Create iterator to return elements from each iterable one by one
You can use itertools.chain.from_iterable()
to flatten the sequence, and use a generator expression to filter out the None
values:
from itertools import chain, zip_longest
it = (v for v in chain.from_iterable(zip_longest(l1, l2)) if v is not None)
Rather than use None
as the sentinel value, you may want to use a dedicated sentinel so you can use None
in the input list:
_sentinel = object()
flattened = chain.from_iterable(zip_longest(l1, l2, fillvalue=_sentinel))
it = (v for v in flattened if v is not _sentinel)

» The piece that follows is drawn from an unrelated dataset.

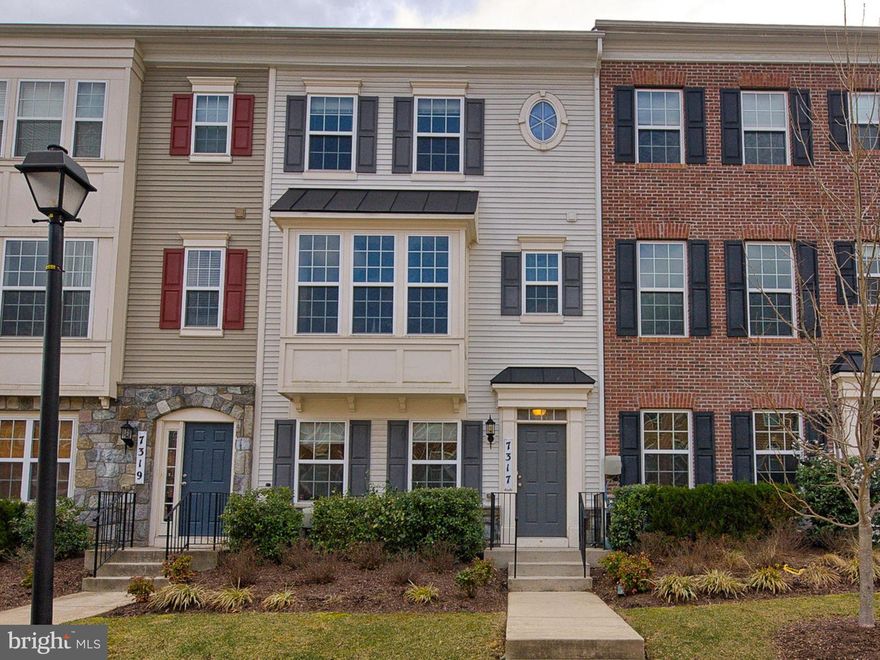 Spacious home in great commuter location! Light-filled w/ plenty of space to entertain. Entry-level bonus room! Main level features open concept living: gleaming hardwoods, large eating area, breakfast bar, half bath. Enjoy morning coffee on the huge deck. Upper level features large Master suite w/ walk-in closet, spa bath w/dual sinks! 2 more large bedrooms, hall bath. Plus 2-car attached garage!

If you want to filter out falsey values, then you can also use filter(None, ...)
:
it = filter(None, chain.from_iterable(zip_longest(l1, l2)))
Demo:
>>> from itertools import chain, zip_longest
>>> l1 = [1, 2, 3, 4, 5, 6]
>>> l2 = ['a', 'b', 'c', 'd']
>>> it = (v for v in chain.from_iterable(zip_longest(l1, l2)) if v is not None)
>>> list(it)
[1, 'a', 2, 'b', 3, 'c', 4, 'd', 5, 6]
and with a local sentinel:
>>> l1 = [1, None, 2, None, 3, None]
>>> l2 = ['a', 'b', 'c', 'd']
>>> _sentinel = object()
>>> flattened = chain.from_iterable(zip_longest(l1, l2, fillvalue=_sentinel))
>>> it = (v for v in flattened if v is not _sentinel)
>>> list(it)
[1, 'a', None, 'b', 2, 'c', None, 'd', 3, None]
The itertools
recipes section also has:
def roundrobin(*iterables):
"roundrobin('ABC', 'D', 'EF') --> A D E B F C"
# Recipe credited to George Sakkis
num_active = len(iterables)
nexts = cycle(iter(it).__next__ for it in iterables)
while num_active:
try:
for next in nexts:
yield next()
except StopIteration:
# Remove the iterator we just exhausted from the cycle.
num_active -= 1
nexts = cycle(islice(nexts, num_active))
If you want a modified version of your code, building a generator from the start (no storing list l
):
import itertools
l1=[1,2,3,4,5,6]
l2=['a','b','c','d']
def flat_zip(l1,l2):
for x,y in itertools.zip_longest(l1,l2):
if x:
yield x
if y:
yield y
it=flat_zip(l1,l2)
Though I advise for using the builtin solutions above.